Shortage of first-time buyers. The percentage of San Francisco Bay Area households who could afford a median-price house in the region plunged from 20 percent in July 2003 to under 10 percent in 2006.
Surplus of speculators. Nationally, 25% of houses bought in 2005 were pure speculation, not houses to live in, and the speculators are going into foreclosure in large numbers now. Even the National Association of House Builders admits that "Investor-driven price appreciation looms over some housing markets."

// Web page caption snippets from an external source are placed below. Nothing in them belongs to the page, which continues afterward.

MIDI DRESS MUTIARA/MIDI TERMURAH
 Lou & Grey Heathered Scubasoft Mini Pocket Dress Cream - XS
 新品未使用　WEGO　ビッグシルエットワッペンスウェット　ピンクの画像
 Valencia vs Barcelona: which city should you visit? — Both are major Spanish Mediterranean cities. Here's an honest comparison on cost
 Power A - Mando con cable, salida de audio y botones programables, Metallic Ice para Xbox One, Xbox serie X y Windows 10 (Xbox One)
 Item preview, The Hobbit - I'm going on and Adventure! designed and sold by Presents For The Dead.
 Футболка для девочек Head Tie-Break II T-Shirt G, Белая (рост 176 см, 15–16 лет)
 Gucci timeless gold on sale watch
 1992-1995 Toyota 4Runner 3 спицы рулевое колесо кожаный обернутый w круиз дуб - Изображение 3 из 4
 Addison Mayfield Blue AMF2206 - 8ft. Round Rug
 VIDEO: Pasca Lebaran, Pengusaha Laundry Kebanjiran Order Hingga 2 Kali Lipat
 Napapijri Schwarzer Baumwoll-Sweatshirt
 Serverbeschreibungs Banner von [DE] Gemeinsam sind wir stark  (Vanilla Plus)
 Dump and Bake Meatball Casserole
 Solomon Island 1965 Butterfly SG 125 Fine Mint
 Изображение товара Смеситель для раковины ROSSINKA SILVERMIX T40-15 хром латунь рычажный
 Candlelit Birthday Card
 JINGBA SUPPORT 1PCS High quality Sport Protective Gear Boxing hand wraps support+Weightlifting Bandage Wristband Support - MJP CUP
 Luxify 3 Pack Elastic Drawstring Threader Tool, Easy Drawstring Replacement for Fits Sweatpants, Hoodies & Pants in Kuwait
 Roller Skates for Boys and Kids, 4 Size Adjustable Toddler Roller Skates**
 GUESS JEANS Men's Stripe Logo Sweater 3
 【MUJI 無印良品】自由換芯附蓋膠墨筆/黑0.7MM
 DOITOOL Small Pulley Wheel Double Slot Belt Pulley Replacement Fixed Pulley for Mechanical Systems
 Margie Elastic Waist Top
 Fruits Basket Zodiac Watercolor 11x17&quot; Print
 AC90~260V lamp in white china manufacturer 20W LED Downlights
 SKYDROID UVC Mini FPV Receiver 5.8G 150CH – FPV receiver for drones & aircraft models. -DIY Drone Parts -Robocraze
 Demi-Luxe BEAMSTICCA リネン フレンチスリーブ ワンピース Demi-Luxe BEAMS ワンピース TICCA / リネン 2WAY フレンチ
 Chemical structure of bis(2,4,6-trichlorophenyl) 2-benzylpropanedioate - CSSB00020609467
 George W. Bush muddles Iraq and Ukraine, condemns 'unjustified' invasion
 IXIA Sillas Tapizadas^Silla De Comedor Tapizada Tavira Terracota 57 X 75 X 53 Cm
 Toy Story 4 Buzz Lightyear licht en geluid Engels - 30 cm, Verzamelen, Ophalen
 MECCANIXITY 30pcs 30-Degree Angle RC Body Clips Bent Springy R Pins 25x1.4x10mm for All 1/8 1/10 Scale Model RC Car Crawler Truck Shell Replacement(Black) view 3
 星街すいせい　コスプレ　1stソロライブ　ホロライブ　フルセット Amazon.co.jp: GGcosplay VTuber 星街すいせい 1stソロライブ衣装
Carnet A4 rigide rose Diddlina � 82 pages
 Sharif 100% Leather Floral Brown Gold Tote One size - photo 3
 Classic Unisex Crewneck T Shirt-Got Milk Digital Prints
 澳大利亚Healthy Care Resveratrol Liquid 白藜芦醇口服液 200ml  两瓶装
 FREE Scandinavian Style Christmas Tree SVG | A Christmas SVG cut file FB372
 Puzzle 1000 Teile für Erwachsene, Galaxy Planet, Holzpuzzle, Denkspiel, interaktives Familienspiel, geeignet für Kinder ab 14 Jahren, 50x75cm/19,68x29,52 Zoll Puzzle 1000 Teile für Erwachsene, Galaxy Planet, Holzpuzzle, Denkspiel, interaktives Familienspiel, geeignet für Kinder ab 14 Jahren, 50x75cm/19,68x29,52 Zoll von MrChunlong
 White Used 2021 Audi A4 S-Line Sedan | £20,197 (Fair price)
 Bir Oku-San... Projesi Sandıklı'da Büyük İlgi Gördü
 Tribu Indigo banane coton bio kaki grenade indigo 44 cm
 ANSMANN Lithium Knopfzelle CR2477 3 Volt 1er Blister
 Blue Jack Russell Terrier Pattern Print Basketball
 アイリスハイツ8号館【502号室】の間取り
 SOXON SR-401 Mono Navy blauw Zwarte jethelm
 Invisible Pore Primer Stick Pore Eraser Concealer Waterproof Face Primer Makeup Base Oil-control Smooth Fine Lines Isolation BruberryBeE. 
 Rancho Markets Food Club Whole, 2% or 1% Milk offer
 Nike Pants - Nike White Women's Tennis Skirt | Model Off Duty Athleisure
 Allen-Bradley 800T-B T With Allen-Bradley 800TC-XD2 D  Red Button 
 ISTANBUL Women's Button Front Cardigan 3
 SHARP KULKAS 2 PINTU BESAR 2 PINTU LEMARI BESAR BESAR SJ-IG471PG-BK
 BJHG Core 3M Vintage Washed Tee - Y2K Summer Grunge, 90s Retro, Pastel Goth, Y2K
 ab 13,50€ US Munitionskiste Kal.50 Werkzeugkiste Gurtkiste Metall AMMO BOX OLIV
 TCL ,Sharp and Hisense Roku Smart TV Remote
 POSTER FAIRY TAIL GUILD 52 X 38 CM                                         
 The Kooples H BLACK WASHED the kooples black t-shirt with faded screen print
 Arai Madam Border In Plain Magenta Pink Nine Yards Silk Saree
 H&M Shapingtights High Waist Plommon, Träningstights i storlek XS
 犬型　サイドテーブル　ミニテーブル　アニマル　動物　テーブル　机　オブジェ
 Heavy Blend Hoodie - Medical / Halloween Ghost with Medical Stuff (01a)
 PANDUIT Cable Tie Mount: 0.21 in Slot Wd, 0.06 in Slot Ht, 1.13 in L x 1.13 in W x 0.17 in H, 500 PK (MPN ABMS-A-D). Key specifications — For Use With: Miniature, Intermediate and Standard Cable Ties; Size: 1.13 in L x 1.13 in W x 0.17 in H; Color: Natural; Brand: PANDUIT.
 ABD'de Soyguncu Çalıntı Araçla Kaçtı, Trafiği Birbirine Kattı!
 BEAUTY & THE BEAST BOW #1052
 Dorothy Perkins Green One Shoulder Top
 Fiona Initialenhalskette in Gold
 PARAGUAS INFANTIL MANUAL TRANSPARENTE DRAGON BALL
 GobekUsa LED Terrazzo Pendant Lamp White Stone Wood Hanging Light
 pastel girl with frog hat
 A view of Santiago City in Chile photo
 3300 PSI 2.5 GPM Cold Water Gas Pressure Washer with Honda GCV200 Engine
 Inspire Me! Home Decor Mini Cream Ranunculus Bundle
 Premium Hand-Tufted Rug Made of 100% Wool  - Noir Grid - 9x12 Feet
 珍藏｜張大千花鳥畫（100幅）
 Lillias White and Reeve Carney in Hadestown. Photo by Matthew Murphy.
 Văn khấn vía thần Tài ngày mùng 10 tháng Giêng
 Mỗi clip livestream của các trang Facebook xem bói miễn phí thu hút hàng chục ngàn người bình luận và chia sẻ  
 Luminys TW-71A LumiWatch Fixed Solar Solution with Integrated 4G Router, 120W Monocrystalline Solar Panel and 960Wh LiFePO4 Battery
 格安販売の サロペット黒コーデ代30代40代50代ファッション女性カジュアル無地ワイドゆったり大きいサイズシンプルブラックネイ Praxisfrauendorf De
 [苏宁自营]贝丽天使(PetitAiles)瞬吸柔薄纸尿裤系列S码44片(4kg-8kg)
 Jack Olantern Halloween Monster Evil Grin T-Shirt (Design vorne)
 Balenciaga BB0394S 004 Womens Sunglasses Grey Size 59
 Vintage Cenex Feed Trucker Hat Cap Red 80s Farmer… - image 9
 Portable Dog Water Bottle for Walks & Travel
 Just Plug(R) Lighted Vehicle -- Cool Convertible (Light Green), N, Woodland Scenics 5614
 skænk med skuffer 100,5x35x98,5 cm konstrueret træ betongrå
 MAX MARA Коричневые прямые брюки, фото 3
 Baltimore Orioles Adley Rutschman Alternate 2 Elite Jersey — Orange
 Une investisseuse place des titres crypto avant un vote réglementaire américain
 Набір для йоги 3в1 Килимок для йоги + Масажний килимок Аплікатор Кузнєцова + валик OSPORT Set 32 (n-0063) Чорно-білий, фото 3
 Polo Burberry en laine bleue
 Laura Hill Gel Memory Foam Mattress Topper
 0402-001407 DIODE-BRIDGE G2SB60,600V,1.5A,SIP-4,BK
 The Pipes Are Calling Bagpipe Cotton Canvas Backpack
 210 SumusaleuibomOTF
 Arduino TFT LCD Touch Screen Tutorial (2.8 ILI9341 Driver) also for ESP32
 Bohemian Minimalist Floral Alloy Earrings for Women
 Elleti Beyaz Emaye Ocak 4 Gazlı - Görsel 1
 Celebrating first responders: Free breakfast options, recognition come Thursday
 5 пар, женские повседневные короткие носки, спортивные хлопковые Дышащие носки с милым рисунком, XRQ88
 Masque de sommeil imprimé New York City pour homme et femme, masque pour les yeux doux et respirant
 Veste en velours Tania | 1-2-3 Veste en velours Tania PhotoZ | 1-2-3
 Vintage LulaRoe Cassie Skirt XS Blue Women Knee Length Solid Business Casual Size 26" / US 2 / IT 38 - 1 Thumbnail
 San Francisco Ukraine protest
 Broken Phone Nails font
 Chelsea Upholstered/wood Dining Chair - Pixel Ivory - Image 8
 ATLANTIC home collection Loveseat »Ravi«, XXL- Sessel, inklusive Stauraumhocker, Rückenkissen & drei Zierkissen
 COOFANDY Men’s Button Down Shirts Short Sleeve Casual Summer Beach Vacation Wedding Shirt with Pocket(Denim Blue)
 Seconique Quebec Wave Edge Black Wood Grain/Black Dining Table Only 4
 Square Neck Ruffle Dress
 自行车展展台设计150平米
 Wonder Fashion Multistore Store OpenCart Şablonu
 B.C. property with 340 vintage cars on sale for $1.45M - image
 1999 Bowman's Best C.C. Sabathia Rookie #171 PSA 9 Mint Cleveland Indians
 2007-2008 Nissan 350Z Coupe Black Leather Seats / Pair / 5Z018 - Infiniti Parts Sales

Fraud. It has become common for speculators take out a loan for up to 50% more than the price of the house he intends to buy. The appraiser goes along with the inflated price, or he does not ever get called back to do another appraisal. The speculator then pays the seller his asking price (much less than the loan amount), and uses the extra money to make mortgage payments on the unreasonably large mortgage until he can find a buyer to take the house off his hands for more than he paid. Worked great during the boom. Now it doesn't work at all, unless the speculator simply skips town with the extra money.
Baby boomers retiring. There are 77 million Americans born between 1946-1964. One-third have zero retirement savings. The oldest are 61. The only cash they have is equity in a house, so they must sell.
Huge glut of empty housing. Builders are being forced to drop prices even faster than owners. They overbuilt and have huge excess inventory that they cannot sell at current prices.
The best summary explanation, from Business Week: "Today's housing prices are predicated on an impossible combination: the strong growth in income and asset values of a strong economy, plus the ultra-low interest rates of a weak economy. Either the economy's long-term prospects will get worse or rates will rise. In either scenario, housing will weaken."